What you have to do:
These records contain pictures, which must be left out; copy exactly the lines from the one with "Abstract seamless vector" up to and including the one with "Dior M0613 Small".

Data excerpts:
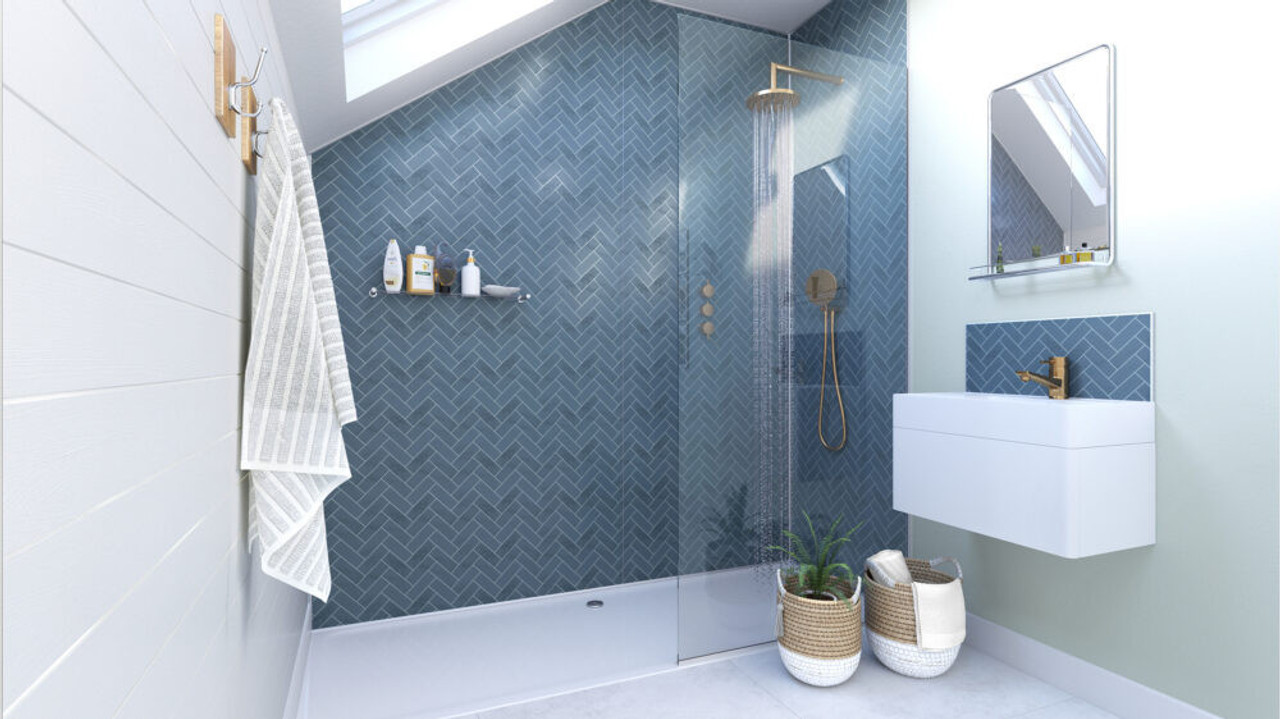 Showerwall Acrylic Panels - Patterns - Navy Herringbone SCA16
* * *
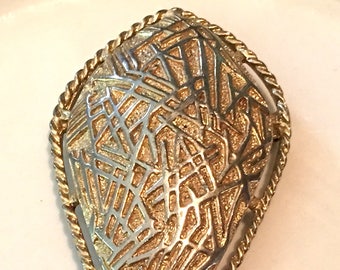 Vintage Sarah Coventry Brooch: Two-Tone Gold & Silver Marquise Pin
==
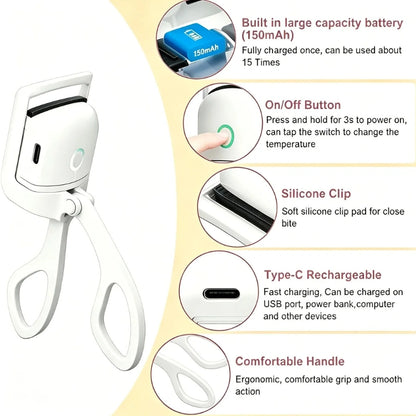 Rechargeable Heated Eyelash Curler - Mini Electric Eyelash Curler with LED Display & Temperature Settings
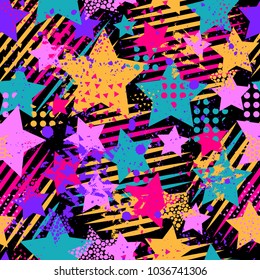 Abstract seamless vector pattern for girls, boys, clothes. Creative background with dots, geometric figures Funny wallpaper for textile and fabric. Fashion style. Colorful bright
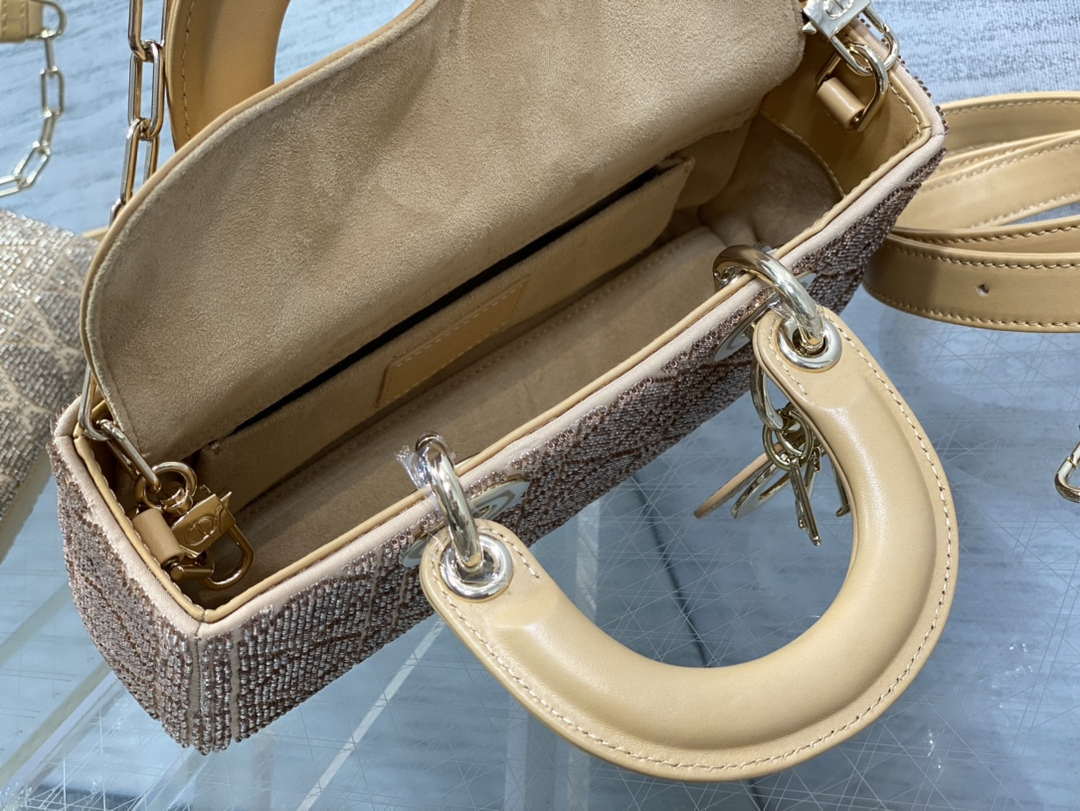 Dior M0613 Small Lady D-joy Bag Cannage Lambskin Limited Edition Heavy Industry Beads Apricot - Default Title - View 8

Solution to this problem:
 Abstract seamless vector pattern for girls, boys, clothes. Creative background with dots, geometric figures Funny wallpaper for textile and fabric. Fashion style. Colorful bright
 Dior M0613 Small Lady D-joy Bag Cannage Lambskin Limited Edition Heavy Industry Beads Apricot - Default Title - View 8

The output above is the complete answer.